Touchstone of public interest

 

Rejecting the contentions of the Central Government, the Supreme Court, speaking through the Chief Justice of India Ranjan Gogoi, who authored the judgment for himself and Justice Sanjay Kishan Kaul said “There is no provision in the Official Secrets Act and no such provision in any other statute has been brought to our notice by which Parliament has vested any power in the executive arm of the government either to restrain publication of documents marked as secret or from placing such documents before a Court of Law which may have been called upon to adjudicate a legal issue concerning the parties”.  

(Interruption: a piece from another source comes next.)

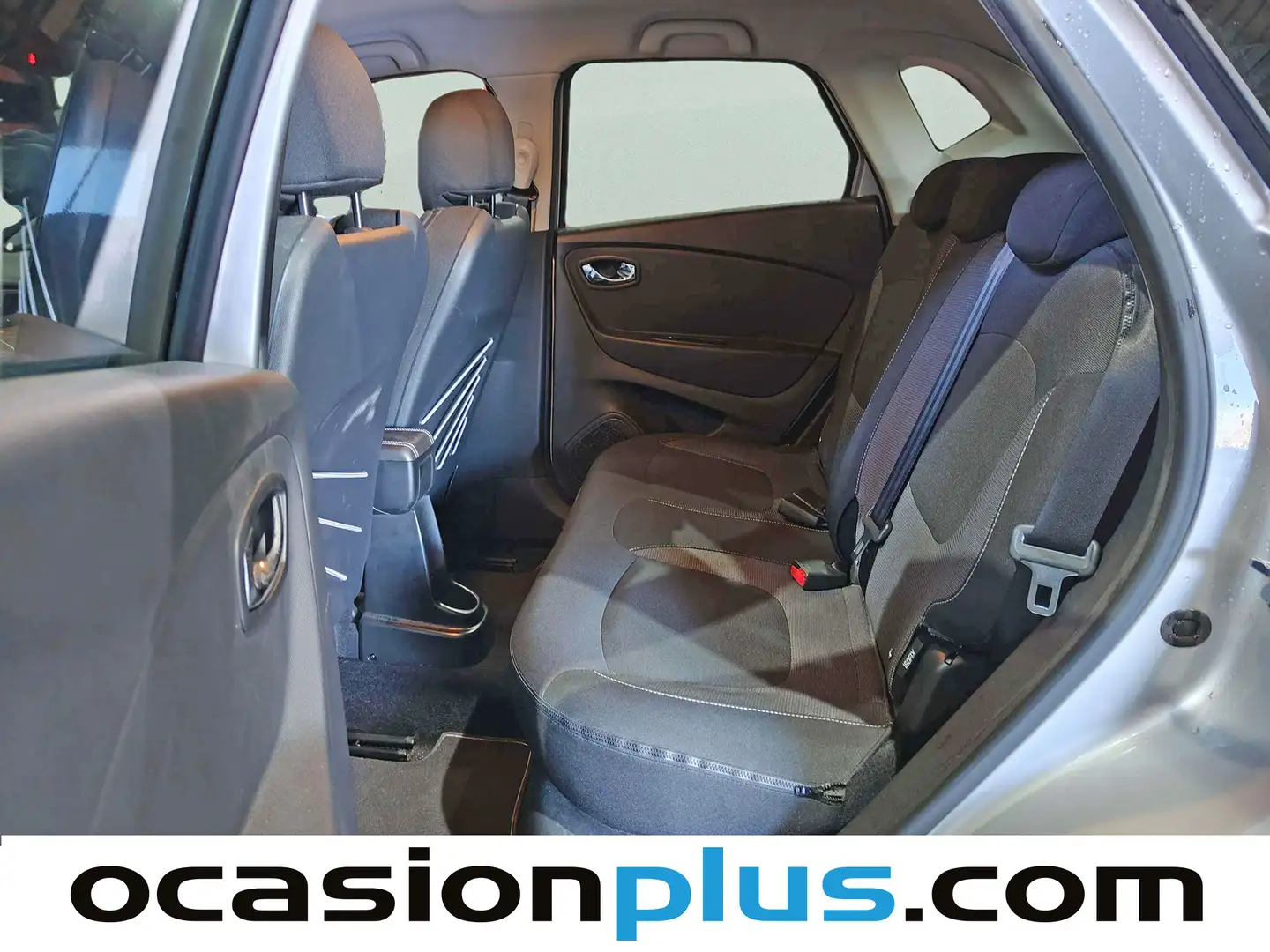 Foto Renault Captur Renault Captur Zen Energy TCe  (120 CV) EDC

On the issue of claim of privilege by the Union government, the Court pointed out that  Section  123   of   the   Indian   Evidence   Act,   1872   related   to unpublished  public   records.  In the present case, it observed, the three documents had already been published in different editions of ‘The Hindu’.

Referring to the judgment,   S.P. Gupta vs. Union of India, the court said a claim of immunity against disclosure under Section 123 of the Indian   Evidence   Act   had   to   be   essentially   adjudged   on   the touchstone of public interest and to satisfy itself that public interest was not jeopardised by requiring disclosure, the Court could even seek to inspect  the document in question though this power had to be sparingly   exercised.    

 

 

“Such   an   exercise,   however,   would   not   be necessary in the present case as the document(s) being in public domain and within the reach and knowledge of the entire citizenry, a practical and common sense approach would lead to the obvious conclusion that it would be a meaningless and an exercise in utter futility for the Court to refrain from reading and considering the said document or from shutting out its evidentiary worth and value”, the Chief Justice Gogoi said.

 

Press has a right to publish documents

 

The CJI, in his judgment, noted that the right of such publication would seem to be in consonance with the constitutional guarantee of freedom of speech.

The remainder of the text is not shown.